Broomfield, CO – Ski resort operator Vail Resorts, Inc. today reported certain ski season metrics that show an increase in both visitation and revenue at the company’s destination mountains across the western U.S.
The results are provided for the comparative periods from the beginning of the ski season through January 11, 2015, and for the prior year period through January 12, 2014, adjusted as if Park City Mountain Resorts was owned in both periods, and do not incorporate the urban ski areas of Afton Alps (Minn.) and Mt. Brighton (Mich.). Season-to-date total skier visits for the company’s nine mountain resorts were up 1.8% compared to the prior year season-to-date period. Season-to-date total lift ticket revenue, including an allocated portion of season pass revenue for each applicable period, was up 9.3% compared to the prior year season-to-date period. Season-to-date ancillary spending also increased over the prior year, with ski school revenue up 9.2% and dining revenue up 6.8%. Additionally, retail/rental revenue for resort store locations was up 10.4% compared to the prior year season-to-date period.

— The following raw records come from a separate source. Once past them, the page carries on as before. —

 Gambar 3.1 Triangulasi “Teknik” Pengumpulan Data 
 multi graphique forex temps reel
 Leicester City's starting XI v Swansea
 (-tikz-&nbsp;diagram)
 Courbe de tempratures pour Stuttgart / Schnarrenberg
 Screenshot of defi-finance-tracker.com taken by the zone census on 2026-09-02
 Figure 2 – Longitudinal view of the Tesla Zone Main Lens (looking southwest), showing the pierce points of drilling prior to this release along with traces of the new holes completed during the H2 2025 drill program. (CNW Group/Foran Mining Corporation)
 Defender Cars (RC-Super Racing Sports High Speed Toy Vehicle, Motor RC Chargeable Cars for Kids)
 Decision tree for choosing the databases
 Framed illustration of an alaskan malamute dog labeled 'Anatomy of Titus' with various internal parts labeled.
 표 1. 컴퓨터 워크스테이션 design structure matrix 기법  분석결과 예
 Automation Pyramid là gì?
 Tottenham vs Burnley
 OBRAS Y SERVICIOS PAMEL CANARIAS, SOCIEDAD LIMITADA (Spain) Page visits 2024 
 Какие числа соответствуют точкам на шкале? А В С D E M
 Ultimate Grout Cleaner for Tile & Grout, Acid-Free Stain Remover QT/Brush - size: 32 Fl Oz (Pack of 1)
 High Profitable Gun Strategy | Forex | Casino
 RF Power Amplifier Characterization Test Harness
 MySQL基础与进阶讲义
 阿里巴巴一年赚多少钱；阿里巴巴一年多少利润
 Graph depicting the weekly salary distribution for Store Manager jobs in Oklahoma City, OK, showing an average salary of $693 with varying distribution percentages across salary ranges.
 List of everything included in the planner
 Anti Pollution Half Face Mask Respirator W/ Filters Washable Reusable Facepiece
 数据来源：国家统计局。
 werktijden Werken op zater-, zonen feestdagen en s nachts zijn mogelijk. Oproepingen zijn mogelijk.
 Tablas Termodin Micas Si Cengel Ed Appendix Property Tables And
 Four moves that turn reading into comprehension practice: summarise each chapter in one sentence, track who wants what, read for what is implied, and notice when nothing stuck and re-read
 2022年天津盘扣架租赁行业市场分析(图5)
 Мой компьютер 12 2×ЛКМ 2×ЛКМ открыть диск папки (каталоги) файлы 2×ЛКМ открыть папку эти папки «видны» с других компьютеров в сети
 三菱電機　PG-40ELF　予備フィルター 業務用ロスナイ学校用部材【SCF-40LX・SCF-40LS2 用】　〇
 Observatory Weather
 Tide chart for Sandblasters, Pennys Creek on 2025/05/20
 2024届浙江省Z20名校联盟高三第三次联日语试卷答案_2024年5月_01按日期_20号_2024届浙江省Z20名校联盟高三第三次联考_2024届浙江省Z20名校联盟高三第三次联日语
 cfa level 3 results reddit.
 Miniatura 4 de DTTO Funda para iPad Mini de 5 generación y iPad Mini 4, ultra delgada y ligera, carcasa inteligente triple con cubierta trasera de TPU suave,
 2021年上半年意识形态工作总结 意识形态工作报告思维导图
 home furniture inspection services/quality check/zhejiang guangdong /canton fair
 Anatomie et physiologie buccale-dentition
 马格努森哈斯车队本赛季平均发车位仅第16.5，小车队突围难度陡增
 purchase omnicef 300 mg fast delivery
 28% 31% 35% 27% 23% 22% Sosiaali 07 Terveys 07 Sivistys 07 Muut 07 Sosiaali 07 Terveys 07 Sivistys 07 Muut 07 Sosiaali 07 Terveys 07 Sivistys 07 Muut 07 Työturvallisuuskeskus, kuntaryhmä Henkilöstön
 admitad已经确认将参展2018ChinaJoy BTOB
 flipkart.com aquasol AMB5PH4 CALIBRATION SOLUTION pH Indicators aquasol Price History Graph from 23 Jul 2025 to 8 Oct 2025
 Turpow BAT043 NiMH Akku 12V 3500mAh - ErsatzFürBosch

“We are very pleased with our company-wide results season-to-date, which are consistent with our original expectations,” said Rob Katz, Chief Executive Officer. “Our Colorado resorts had particularly strong results with very strong destination visitation and consistent conditions. While Utah had a slower start to the holiday period, we saw very good momentum in the week following Christmas, with strong visitation at both resorts.
“Unfortunately, early season conditions in Tahoe proved challenging again this year, leading to lower growth from our Tahoe resorts than anticipated,” Katz added. “Most importantly, we saw strong guest spending and increased yields at all of our resorts that significantly outpaced visitation, an indication of the strength of the economy and the experience we provide guests across our resorts.”